Passing through the grounds, we came to a favourite spot of Lenin’s. The white-columned open-air arbour looking out across a tree-covered valley to the village of Gorki. As I sat on Lenin’s bench, it flashed into my mind—as it so often does—that sentence which Lenin let fall from his lips at the Smolny on the night of November 8—the most momentous epoch-making sentence of the century. As he stepped up to the podium at the Smolny, he was greeted by a thundering applause. Stilling it with a wave of his hand, he said: “Comrades! We will now take up the building of Socialism!”
This was spoken in a simple matter-of-fact manner and for the moment few in that tense assembly grasped the full import of those words. But, sitting by my side, John Reed—always alert to the crucial and the dramatic—hastily jotted them down in his notebook and heavily underscored them. He rightly discerned that in that sentence there was dynamite enough to shake the world, and—we may add—to continue to shake it to this day.
It declared that the Socialist order for which generations had toiled and fought and died was henceforth the objective of the peoples of a sixth part of the earth.
A stupendous undertaking at any time, in any country. In backward, ravaged Russia it was the height of audacity. Everywhere hunger and cold. Typhus and sabotage. The army disintegrating. The Germans advancing. Transport paralyzed. Factories at a standstill. On top of all these and a hundred other grievous problems confronting the new-formed government was one still more crucial and formidable—the building of a new society on an entirely new basis.
How remarkable that amidst this chaos Lenin and the Soviets committed themselves so completely and unreservedly to the creation of the grand society of peace; justice and plenty for all.
But not less remarkable is that the Soviets, over all the years, have clung so tenaciously to that commitment.
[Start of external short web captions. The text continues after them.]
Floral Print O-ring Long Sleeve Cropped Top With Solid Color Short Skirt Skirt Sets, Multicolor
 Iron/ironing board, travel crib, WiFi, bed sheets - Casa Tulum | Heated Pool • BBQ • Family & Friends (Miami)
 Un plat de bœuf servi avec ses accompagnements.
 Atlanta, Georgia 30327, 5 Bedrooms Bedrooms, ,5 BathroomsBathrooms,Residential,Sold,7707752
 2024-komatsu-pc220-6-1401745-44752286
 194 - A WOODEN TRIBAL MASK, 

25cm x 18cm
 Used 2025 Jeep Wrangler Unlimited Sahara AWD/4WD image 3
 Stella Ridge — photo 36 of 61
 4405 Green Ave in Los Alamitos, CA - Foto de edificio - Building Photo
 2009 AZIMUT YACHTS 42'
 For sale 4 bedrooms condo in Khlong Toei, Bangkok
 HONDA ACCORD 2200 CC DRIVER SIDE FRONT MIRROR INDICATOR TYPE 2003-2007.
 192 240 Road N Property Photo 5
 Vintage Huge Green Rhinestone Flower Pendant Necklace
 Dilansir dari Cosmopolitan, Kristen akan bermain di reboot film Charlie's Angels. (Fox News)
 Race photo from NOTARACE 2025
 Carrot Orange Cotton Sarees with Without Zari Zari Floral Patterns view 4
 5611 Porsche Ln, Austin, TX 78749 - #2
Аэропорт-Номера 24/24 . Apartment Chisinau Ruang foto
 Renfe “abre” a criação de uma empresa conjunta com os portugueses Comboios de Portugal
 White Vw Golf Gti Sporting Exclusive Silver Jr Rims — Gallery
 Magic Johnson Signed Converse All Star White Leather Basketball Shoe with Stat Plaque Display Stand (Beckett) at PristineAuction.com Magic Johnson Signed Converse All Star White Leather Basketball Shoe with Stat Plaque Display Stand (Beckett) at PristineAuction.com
Most revolutions and great movements in course of time grow tired and lose their momentum, and as their watchwords fade from their banners they fade likewise in the minds and hearts of the new generation.
The October Revolution, however, in spite of all ordeals and sacrifices, in spite of all temptations to compromise, in spite of all the slackers, saboteurs and renegades, has never faltered in its forward drive towards its declared objective—the building of Communism.
Despite all the prosperity and comforts of the Soviet Union today, it is not greatly different from those heroic exciting days of that first October. It is still October, working with new devices, instruments and strategy—but with much the same spirit and feeling of 1917. With the Soviet people today making peace for all the people of the world the first item on their program as did Premier Lenin in the first days of the Revolution. With thrilling reports of victories from the different fronts—steel, electric, cattle, education—as then were coming from the Denikin and Kolchak fronts. With all the resources of the vast country mobilised under the leadership of the powerful Communist Party dedicated to that same objective to which it was committed on that first October—the creation of the good society of peace, justice and plenty—to the building of Communism.
But there is one difference between now and then—and very great too.
Then there was not even a blueprint of the coming society of Communism. It was a hope and aspiration, something in the far-off future—at the end of the rainbow.
Today it is a very real and tangible reality. Its foundations already laid strong and deep in the Socialist structure. Its contours clearly visible to the eye.